Scrolling

Scrolling

[skrohl]
In computer graphics, movies, television, and other kinetic displays, scrolling is sliding text, images or video across a monitor or display. "Scrolling", as such, does not change the layout of the text or pictures, or but incrementally moves (pans or tilts) the user's view across what is apparently a larger image that is not wholly seen. A common special effect is to scroll credits, while leaving the background stationary. Smooth scrolling is a feature to reduce what the viewer would perceive as "jumps" (discontinuous movement) in the display. The computational effort of moving images and video smoothly is high, therefore successful smooth scrolling in text is most common. Frame rate is speed at which an entire image is redisplayed. It is related to scrolling, in that changes to text and image position can only happen as often as the image can be redisplayed. When frame rate is a limiting factor, one smooth scrolling technique is to blur images during movement that would otherwise appear to "jump".

Computing

Scrolling is often done on a computer by the CPU or a graphics card. In a WIMP-style graphical user interface, scrolling is done with the help of a scrollbar or using keyboard shortcuts, often the arrow keys. Scrolling is often a key feature in text user interfaces and command line interfaces, though some older computer terminals used a paging mode instead, akin to flipping through a series of pages in a book, usually using the PgUp/PgDn keys or the space bar. computer mice may also have a scroll wheel, which scrolls text vertically when rolled. (Macintoshs have scroll balls that scroll in any direction.) Software such as Adobe Reader can also be scrolled with the hand tool. In this case, the document is dragged and moved around like a piece of paper.

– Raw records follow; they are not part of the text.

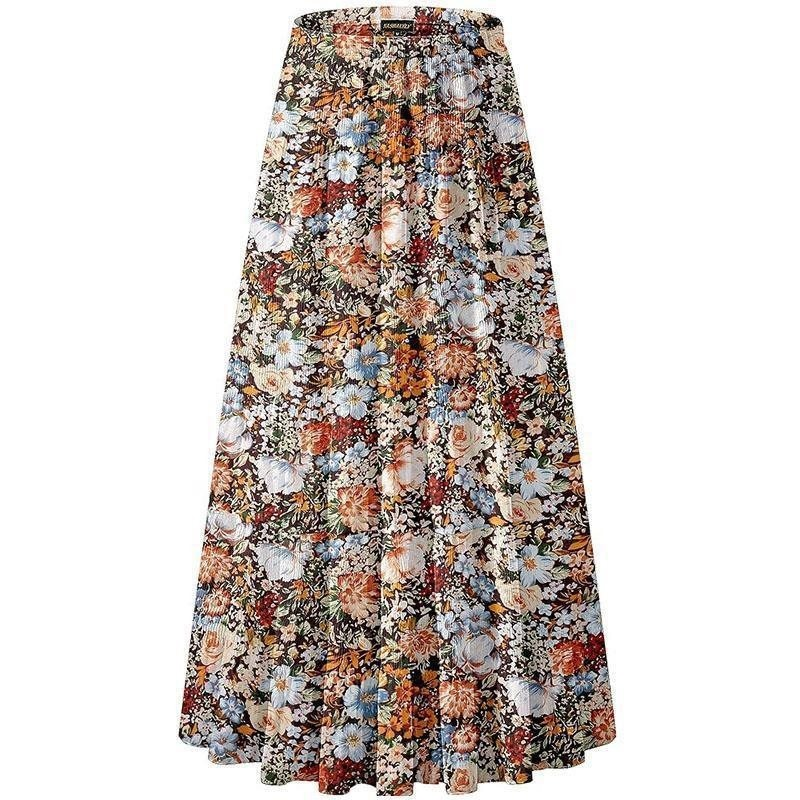 Imke | Bloemenprint Rok met Elastische Taille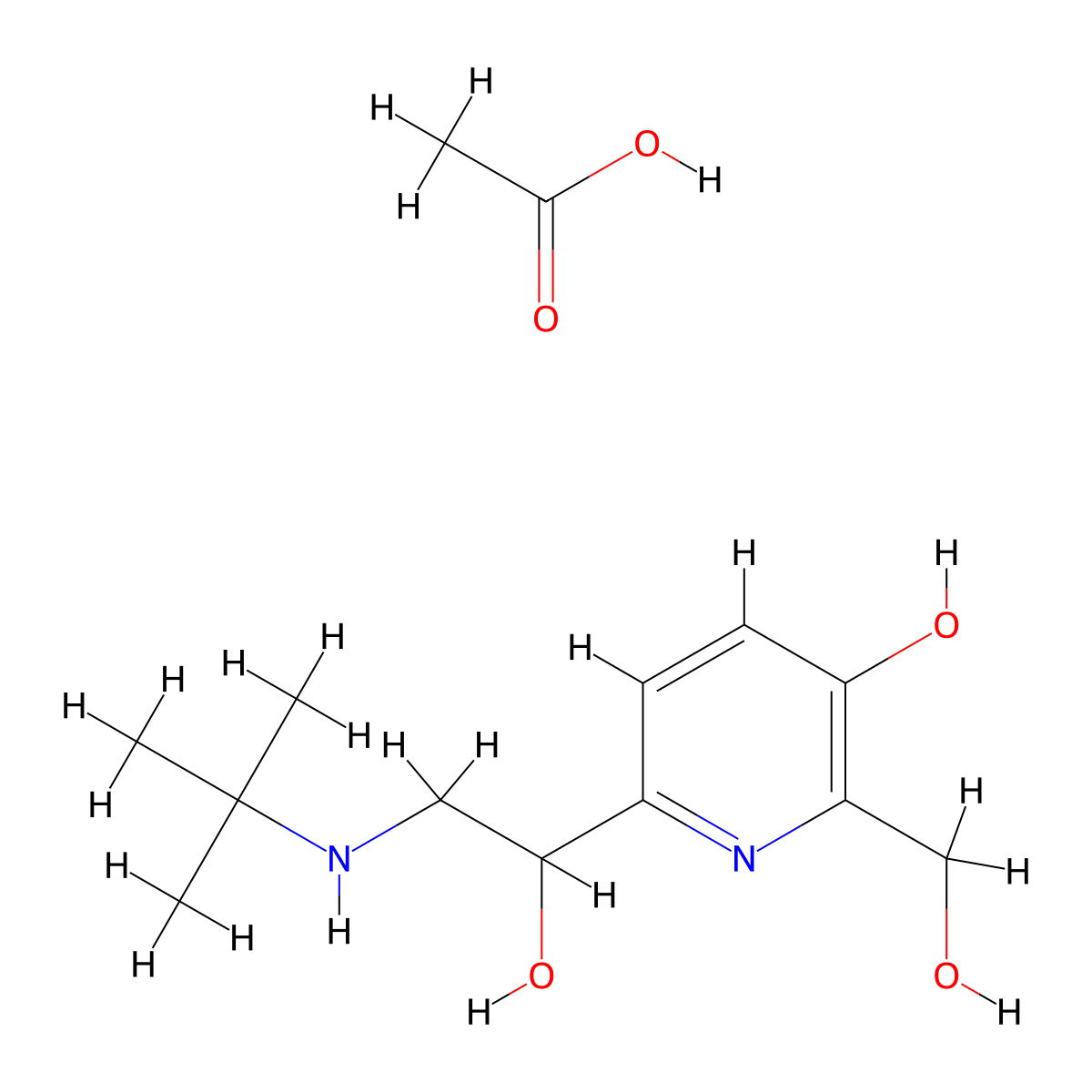 Pirbuterol Acetate molecular structure, CAS 65652-44-0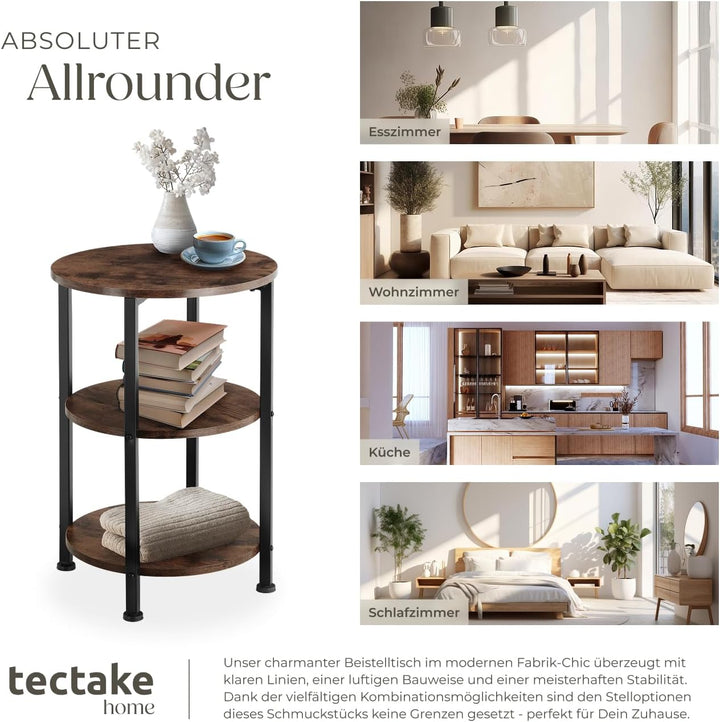 tectake Beistelltisch rund aus Holz und Metall, Industrie-Design, Couchtisch mit 3 Ebenen, für Wohnz
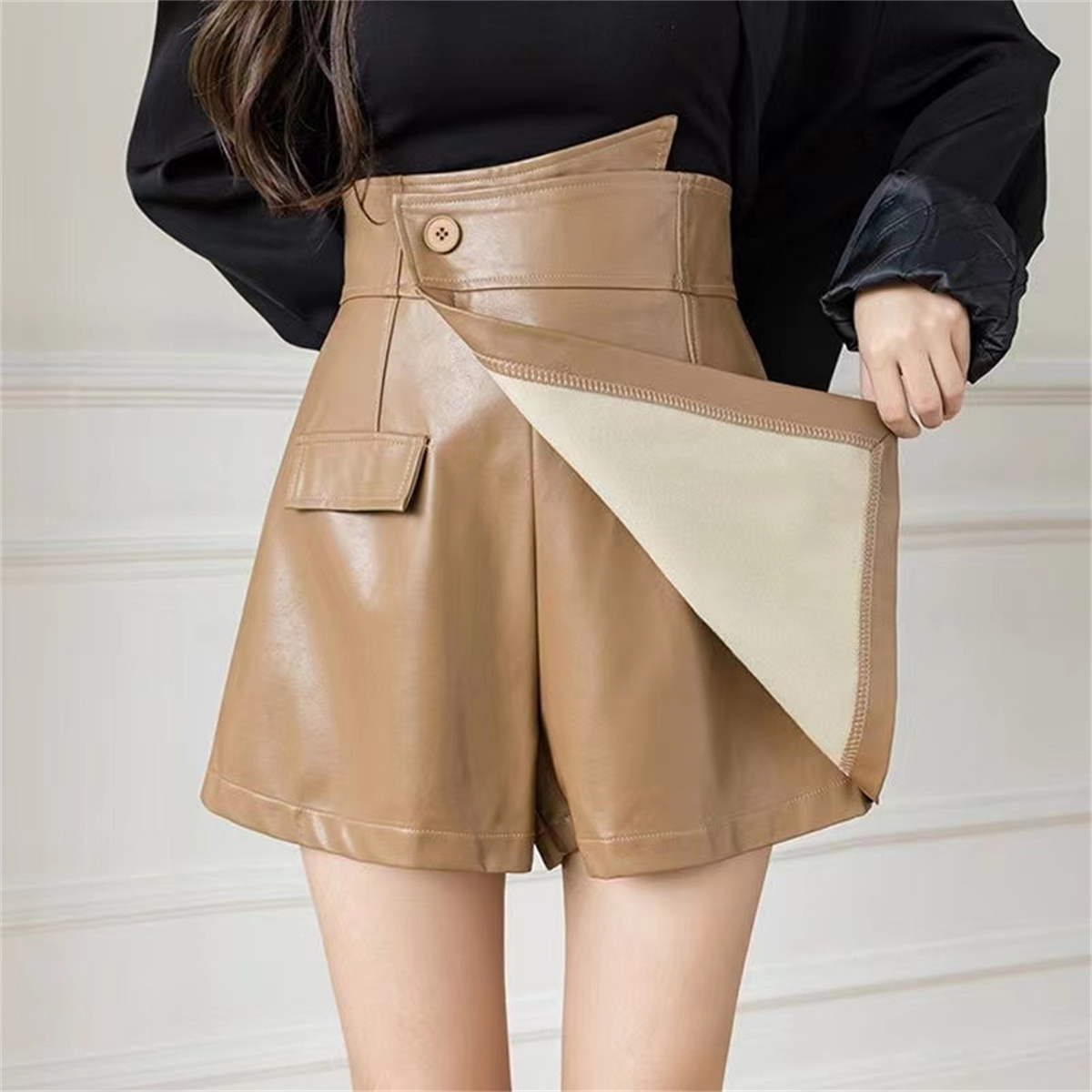 Designer casual pu läder klänningar shorts kjolar kvinnor elegant ett stycke set kvinnlig kvinnors sexiga klubbfest kjol kvinnlig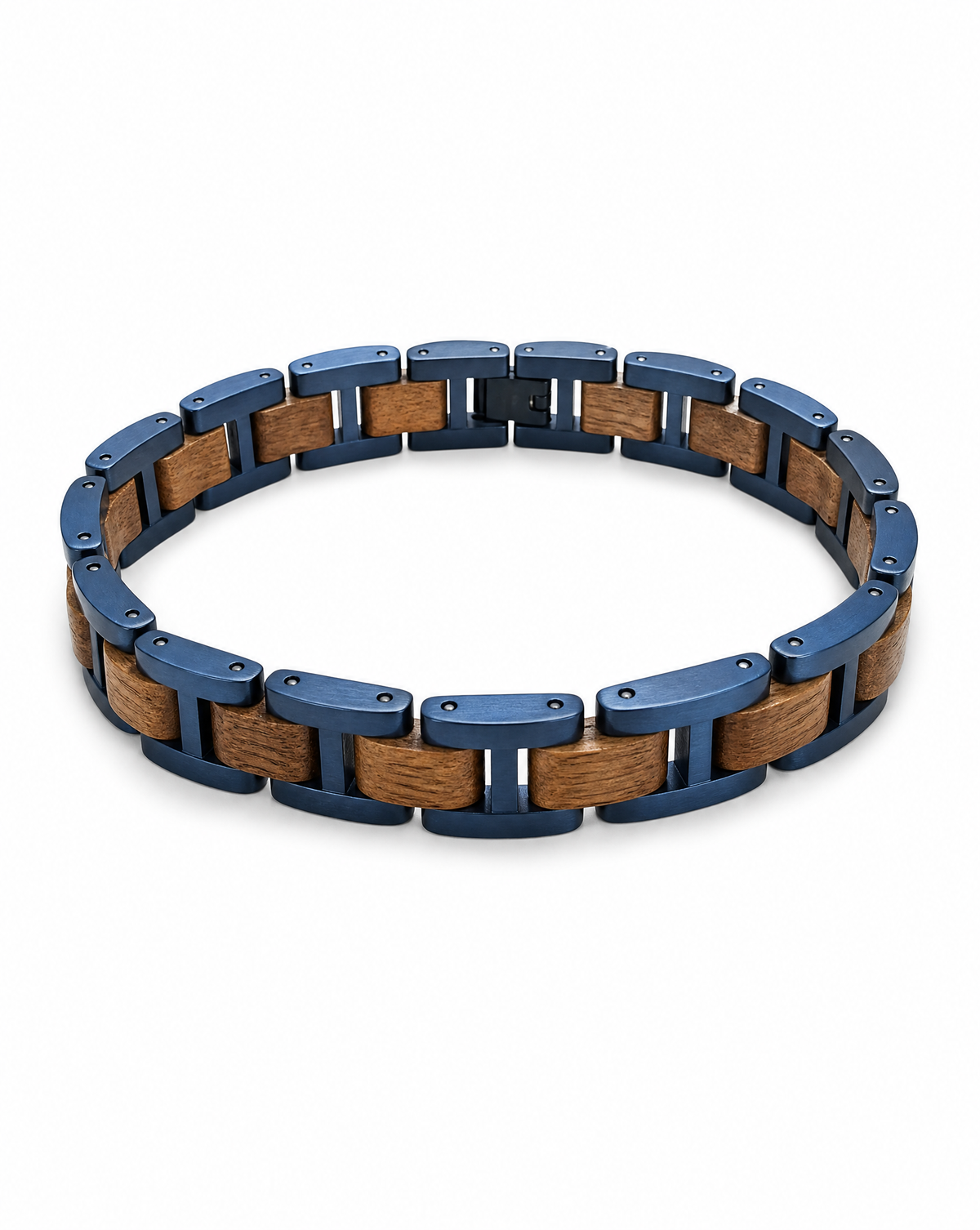 Meerestiefe - Armband aus Walnussholz und blauem Edelstahl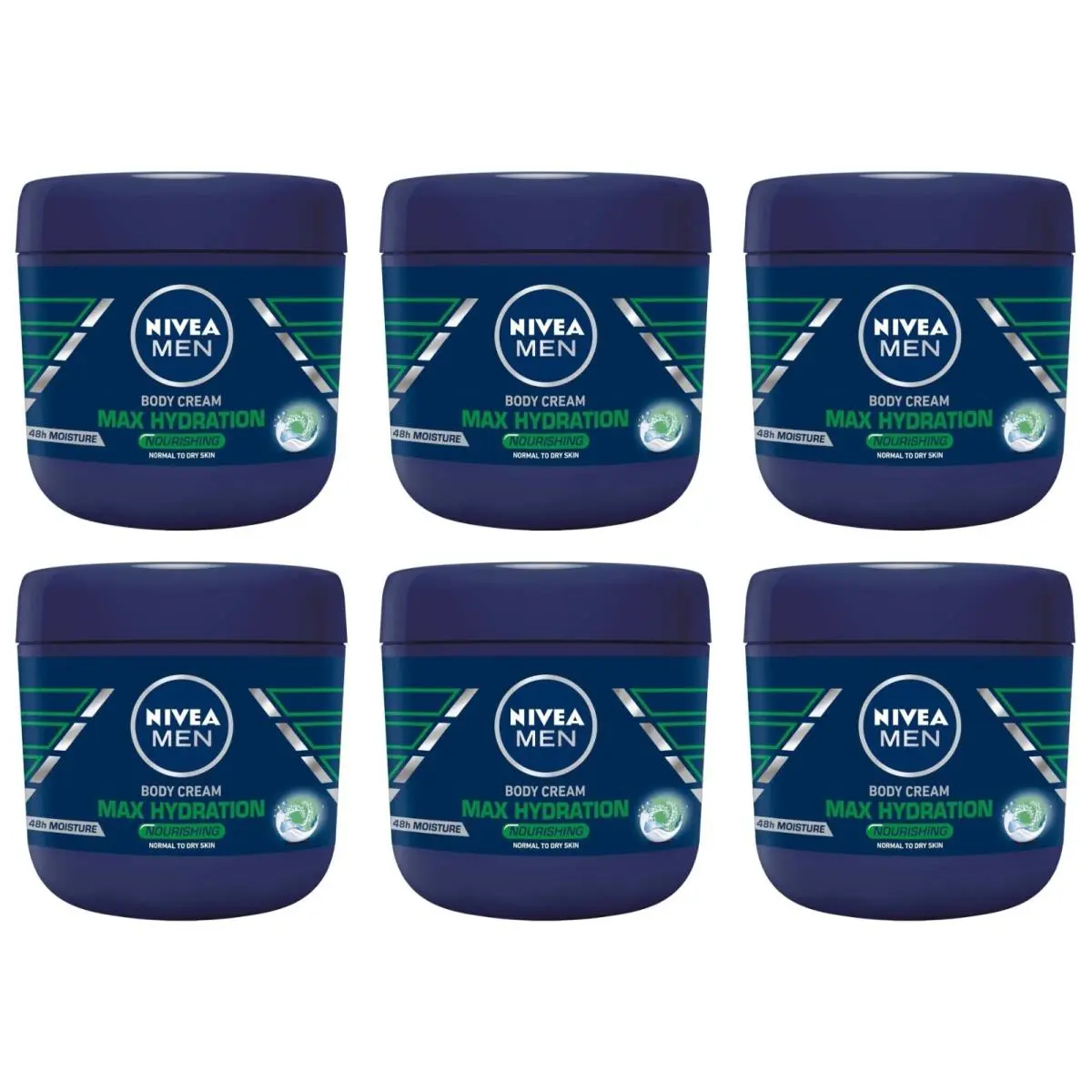 Men Max Hydration Body Cream For Normal to Dry Skin- 13.5 Oz-6 Pack by Nivea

Other PC mouse scrolling is available, although function varies widely between software applications. Some scroll wheels can be pressed down, functioning like a button. Depending on the software, this allows scrolling in both the horizontal and vertical directions by dragging in the direction desired; when the mouse is moved to the original position, scrolling stops. A few scroll wheels can also be tilted, scrolling horizontally in one direction until released.

If any content is too wide to fit on a display, horizontal scrolling is required to view all of it. In applications like graphics and spreadsheets, the content often has a 2D structure, and horizontal scrolling can be useful and necessary.

One-dimensional content

Plain text is essentially linear, it does not have a 2D structure. For text in most scripts (with line-by-line ordering of characters on horizontal lines, as opposed to vertical writing), horizontal scrolling is much more inconvenient than vertical scrolling, because when reading the text in order, back-and-forth scrolling is needed for every line, as opposed to vertical scrolling, which is needed only after reading a whole window or column of text.

A web browser normally places as many words in a single line as will fit the width of the browser window. Special HTML-code may instruct the browser to divide the window into columns, in which case it places as many words in a single line as will fit the width of the column.

Demos

Scrolling texts, also referred to as scrolltexts or scrollers, were an integral feature of the majority of the demos written for home computers in the 1980s. They were particularly important in crack intros programmed by software crackers, where they were used to convey messages between groups involved in the activity.

Many scrollers were plain horizontal scrollers, but demo coders also paid a lot of attention in finding new and different types of scrolling. The characters could, for example, continuously alter their shape, take unusual flying paths or incorporate color effects such as raster bars.

Movies

One of the most famous scrolling texts in movies is the Star Wars opening crawl. The text appears at the bottom of the screen and slowly moves upwards and into the distance as the audience reads it.

Television

Scrolling is commonly used to display the credits at the end of television shows.

Scrolling is also used in television news when a news ticker is employed, scrolling news stories horizontally across the bottom of the screen.

Video games

In computer and video games, scrolling of a playing field allows the player to control an object in a large contiguous area. Super Bug pioneered this method. Parallax scrolling, which was first featured in Moon Patrol, involves several semi-transparent layers, which scroll on top of each other at varying rates in order to give the illusion of depth.

A previously much used alternative to video game scrolling is the flip-screen method.